WASHINGTON — A plug from Prime Minister Ehud Olmert has given new life to congressional legislation granting Israel $120 million over five years for energy research and development, Jewish organizational officials said.
The breakthrough on Capitol Hill is being credited to Olmert’s May 24 speech to a joint session of Congress, during which he mentioned American-Israeli cooperation in developing alternative energy sources.
“Israel will increase its efforts to find advanced scientific and technological solutions, designed to develop new energy sources and encourage conservation,” Olmert said. He specifically mentioned the U.S.-Israel Energy Cooperation Act, a bill that Jewish groups have been trying — with little success — to push through Congress for more than a year. The measure would grant $120 million to Israeli scientists so that they can develop alternative energy sources or devise ways to use conventional energy more efficiently.
Communal leaders say that the prime minister’s remarks have energized the efforts of Jewish organizations to push the legislation.
“Olmert’s speech really gave our efforts momentum both on Capitol Hill and within the Jewish community,” said Hadar Susskind, Washington director of the Jewish Council for Public Affairs.
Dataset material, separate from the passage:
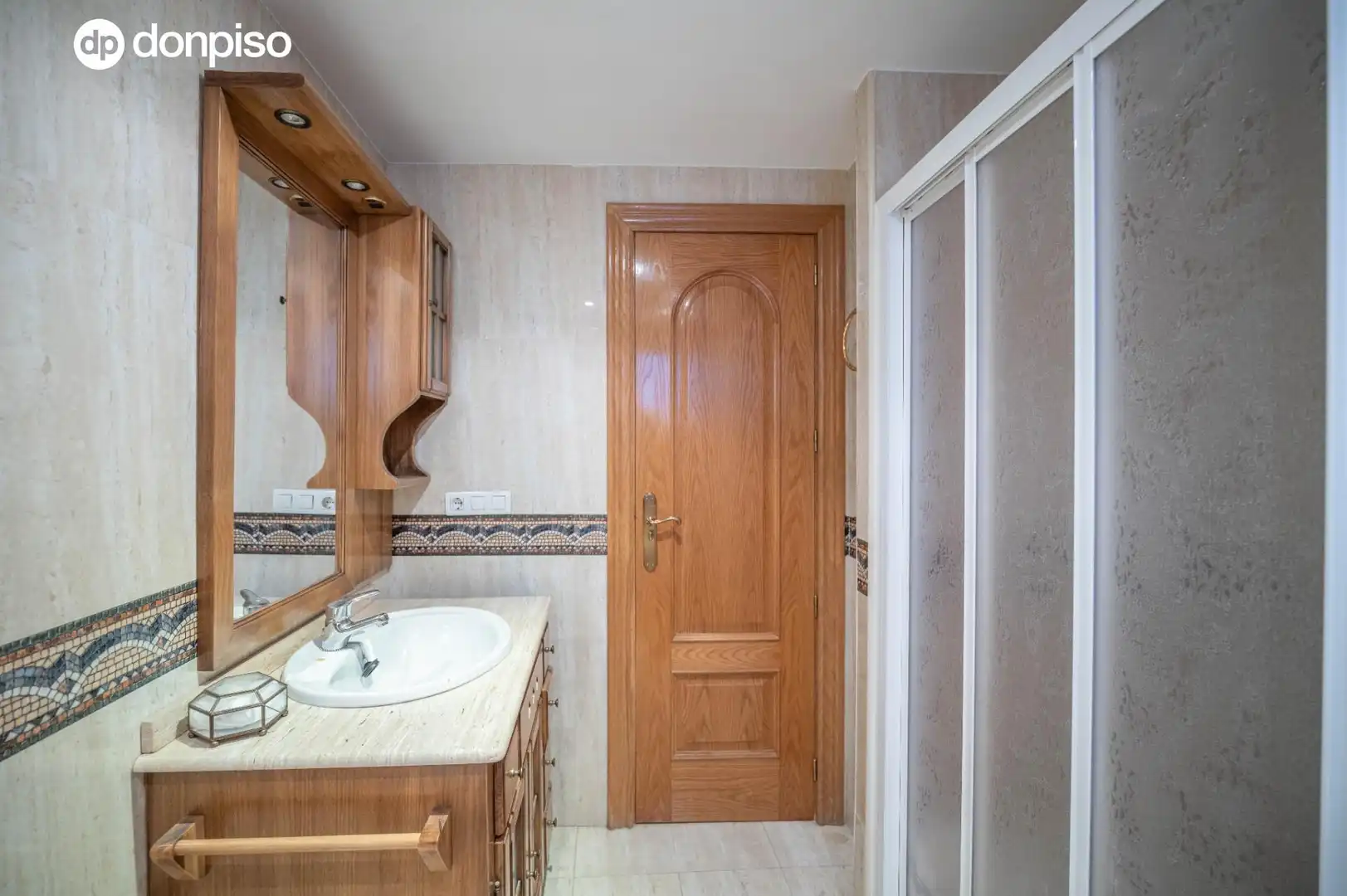 Piso con terraza en venta en Calle EMPERATRIZ EUGENIA 6, imagen 32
The council is a policy coordinating organization that brings together 13 national Jewish agencies and 123 local Jewish communities.
Since Olmert’s speech, the JCPA held an initial discussion in a process intended to shape its position on nuclear energy.
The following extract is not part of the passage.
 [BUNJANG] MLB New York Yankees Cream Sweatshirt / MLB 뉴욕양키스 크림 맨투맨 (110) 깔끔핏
Meanwhile, in what is believed to be a first for a nonprofit organization, the AJCommittee is offering bonuses to any of its 200-plus full-time employees who purchase hybrid and other fuel-efficient cars. Depending on the vehicle model, the bonus would be $1,500 or $2,500.
When Olmert spoke to Congress about the joint energy project, the prime minister was cheered. Lobbyists for Jewish groups rushed to make the most of the momentum. Last week, according to Jewish activists, Senate Majority Leader Bill Frist, a Tennessee Republican, promised to sponsor the bill and shepherd it through the Senate once the Senate Foreign Relations Committee has marked it up. Interest in the bill also has increased in the House of Representatives, congressional sources said, where more than a dozen members joined as co-sponsors of the bill in the past three weeks.
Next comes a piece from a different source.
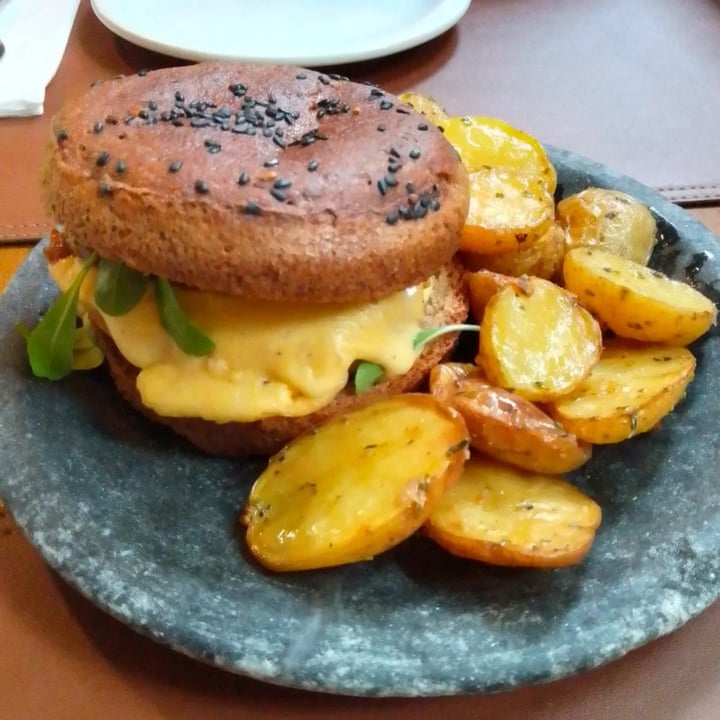 photo of Casa RAW Cheeseburger com batatas shared by @cristinasayuri on  15 Mar 2023 - review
In all, the bill now has 82 co-sponsors in the House and 12 in the Senate. Jewish activists expect it to pass both houses before the end of this year.
Although Jewish groups have been deeply involved in attempts to shape America’s energy policy, they have not aggressively mobilized to support or oppose specific energy legislation in recent years. This bill, Jewish activists said, could provide a focus and a cause for the Jewish community on the issue.
“This bill is a small part of a larger effort to get more involved in energy policy,” said Neil Goldstein, executive director of the American Jewish Congress. The organization helped initiate and draft the bill, and now it is taking the lead in pushing for it.
“We believe that what is needed is a project on the scale of a Manhattan Project or an Apollo Project,” Goldstein said. “We believe that this is of such grave consequence for the U.S. and the Western world that it really deserves that kind of attention. Our bill is a very small piece of that.”
Jewish advocacy groups are calling on their members to urge their congressional representatives to support the law. They are also contacting pro-Israel Christian organizations and environmental groups to help them push the legislation.